I'm waiting on untabbing all my references and selling my books back until I KNOW I passed. They'll be gathering dust until then. It'll be nice to get some cash back from them. If I pass my company will reimburse me the 250$ and 90$ fee I think it was for registering for the class as well.


----------



## Ken PE 3.1 (Apr 23, 2015)

I burned my college economics book after I passes just for fun!


----------



## JayKrone89 (Apr 23, 2015)

For Mechanical Systems and Materials I brought:

*MERM (Mechanical Engineering Reference Manual)*

*MERM Practice Problems*

*Shigley's Machine Design*

*Lindburgh's Practice Exam*

*NCEES Practice Exam*

Mark's Handbook

Machinery Handbook

My College Thermo Textbook (because I didn't like the thermo section in the MERM)

I highlighted the books that I actually used during the test in bold. Note that I was able to use the MERM for probably 95 percent of the questions on the test. If I had to do it again, I'd bring the same books.

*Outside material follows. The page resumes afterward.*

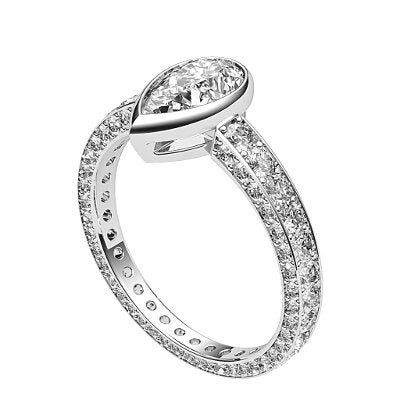 Simple Flat Pear Solitaire Full coverage diamond band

Even though I didn't use the other three, I could see them potentially being needed if I retook the test.


----------



## iwire (Apr 23, 2015)

Ken 3.0 said:


> I burned my college economics book after I passes just for fun!


Damn you ISIS LOL


----------



## NJmike PE (Apr 23, 2015)

Thanks a lot bin Laden


----------



## ptatohed (Apr 23, 2015)

LWhitson2 said:


> Just as the title says, list all the references you took with you for the exam as well as which exam you took.
> 
> Mechanical: Thermal and Fluids
> 
> ...


Knowing which references people took with them to the exam isn't nearly as beneficial as knowing which references they found useful during the exam.


----------



## Just Some Guy P.E. (Apr 23, 2015)

ptatohed said:


> LWhitson2 said:
> 
> 
> > Just as the title says, list all the references you took with you for the exam as well as which exam you took.
> ...


The three I listed were useful to me on the NCEES practice exam, but I wound up not referencing anything outside of the Lindeburg MERM on exam day.


----------



## LWhitson2 (Apr 23, 2015)

ptatohed said:


> Knowing which references people took with them to the exam isn't nearly as beneficial as knowing which references they found useful during the exam.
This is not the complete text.